There is a novelty to being a family band, just as there is a novelty to being very young yet sounding like someone who has been playing for decades. There was a time when the Snyder Family Band was both of those things—I first heard them when a friend took me to the Cook Shack, a small, cozy roadhouse in rural North Carolina to see a little girl play fiddle. There, surrounded by the Saturday morning pickers, Samantha Snyder’s playing was truly enthralling. She just got up there, so humbly, and played along with the others while her parents sat eating breakfast in one of the booths. Yes, her playing was perhaps immature, but she nevertheless was playing well beyond her years, and doing it in a group of people that were just having a lot of fun making music together, just as they did most Saturday mornings over breakfast. It was one of the those life affirming things, a reminder that stunning things can still happen, and if you are in the right chair and facing the right direction, you might catch them. The people passing on the road outside had no idea what they were missing.

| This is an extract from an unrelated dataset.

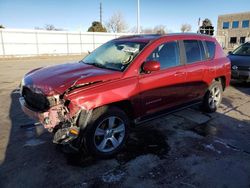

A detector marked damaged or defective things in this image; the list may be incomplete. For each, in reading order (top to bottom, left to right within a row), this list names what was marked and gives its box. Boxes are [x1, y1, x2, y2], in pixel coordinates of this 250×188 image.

Well, time marches on, and soon the Snyders were playing the smaller stages at MerleFest, and then they were playing gigs, and then there were the albums. There was always still a whiff of novelty to the group, and Bud, Zeb and Samantha’s father, took up bass guitar, the story goes, when the family gave him a bass for Christmas and told him to learn to play it. Samatha’s voice was immature, in a clinical sense, because frankly she was so young. Zeb played guitar, beautifully, and while it could at times be a bit formulaic, what he was doing was still remarkable, and simply enjoyable, not only given how far he had come in his playing at such a tender age.
All that said, their new album, Building Bridges, is something different. It’s their first album of all originals, and as such, whether you are aware of it or not, is a unique expression of the musical community that they have grown up within. “Mountain Railway” is a composition inspired by the playing of Doc Watson, someone the Snyder’s knew and played with. On most of the tracks, Zeb plays the guitar that was built for him by Wayne Henderson, a celebrated luthier and player that, often as not, is right there at the Cook Shack with the rest of them. “Blue Bottle Blues” is an instrumental dedicated to a friend, Reggie Harris, who made Zeb’s bottleneck slide out of, well, a bottle neck.

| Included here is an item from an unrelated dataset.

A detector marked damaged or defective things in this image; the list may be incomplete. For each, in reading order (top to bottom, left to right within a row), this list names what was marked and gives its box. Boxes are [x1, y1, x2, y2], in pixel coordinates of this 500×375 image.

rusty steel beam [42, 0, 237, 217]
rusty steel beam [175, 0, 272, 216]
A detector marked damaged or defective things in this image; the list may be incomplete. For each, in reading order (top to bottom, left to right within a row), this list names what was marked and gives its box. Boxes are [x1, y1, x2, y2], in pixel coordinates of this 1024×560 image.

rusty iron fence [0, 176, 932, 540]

The music here is varied from swing, to country, to even some jazz touches on “Reed’s Overture” and elsewhere. It’s a delight throughout, but it’s also a reminder that we can enjoy music on so many levels. There is joy in listening to good recordings, but there is also joy in being aware of where music comes from and why. And there is something wonderful about just sitting in a circle and making music together, not to compete or compare, but just to make a sound. This album, when you scratch a bit below the surface, is about all of that.